I was walking across the bridge today going toward the Albion Ferry when I looked over to my left and saw several people playing along the shore. The only bad thing about this time of year for people who want to do some serious sun tanning and bathing is that the river is high. June and July are the common months when the Fraser River floods. I saw some kids swimming, but just as I looked harder I noticed one of them panicking and the kids nearest to her started screaming. The under toe of the water was pulling the kid down and away from the shore.

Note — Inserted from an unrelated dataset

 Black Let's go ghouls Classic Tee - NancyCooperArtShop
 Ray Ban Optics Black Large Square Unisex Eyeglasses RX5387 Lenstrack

All I could do was stand there and watch. I notice that some of the adults started running towards the shoreline when they heard the screams. They were sitting up on the riverbank and one of them started yelling at the remaining people who were still up on the bank to come down. As I looked over the railing from the bridge another pedestrian stopped by me and he looked towards the noise. I told him that a child was getting sucked into the current.

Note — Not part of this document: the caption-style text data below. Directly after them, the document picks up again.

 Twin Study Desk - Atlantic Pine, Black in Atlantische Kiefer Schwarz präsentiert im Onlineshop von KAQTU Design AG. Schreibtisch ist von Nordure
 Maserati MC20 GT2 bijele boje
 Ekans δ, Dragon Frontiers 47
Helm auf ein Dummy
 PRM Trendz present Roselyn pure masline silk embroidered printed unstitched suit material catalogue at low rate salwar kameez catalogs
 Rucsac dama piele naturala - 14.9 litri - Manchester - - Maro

After about 30 seconds one of the adults jumped in and started swimming towards the child. He caught up to the thrashing child and grabbed her arm then started doing a side-stroke back to the shore. When he got to shallow water one of the adults from shore jumped in and grabbed the child and lifted her up onto dry land.
What was interesting was once the child was safe, the father and mother came running towards her and took her away up to the parking lot of the camp ground. I started walking again, but as I approached the parking lot, which was on my way to where I was going, I saw the reunited family standing by their car getting ready to leave. What was puzzling for me was seeing the father scolding the little girl because of her near miss drowning. The girl could have being somewhere around seven or eight years of age, so quite young to be swimming in a fast moving river. So why was the father scolding her?
My only guess as to why the father was punishing the little girl could be due to his lack of control, or embarrassment of having a bystander rescuing his child from an all most certain death while he left her unattended. Or perhaps he was really punishing her for swimming in the first place; however, her siblings were also swimming too, though they were not much older.
Either way, I felt disgusted seeing this spectacle after the horrific event. The trauma that the child had gone through moments before could only be amplified by being yelled and shaken by her own father afterwords, especially in front of strangers who seem to just stand there as spectators. Maybe the father was doing the right thing? My gut feeling was telling me that this was way out of line for any parent. When I got close enough to hear them, the doors of their car slammed shut and they sped out of the parking lot.
The image of the little girl in the river is still in my mind. She was one lucky kid to have a good Samaritan rescue her in the icy cold Fraser River.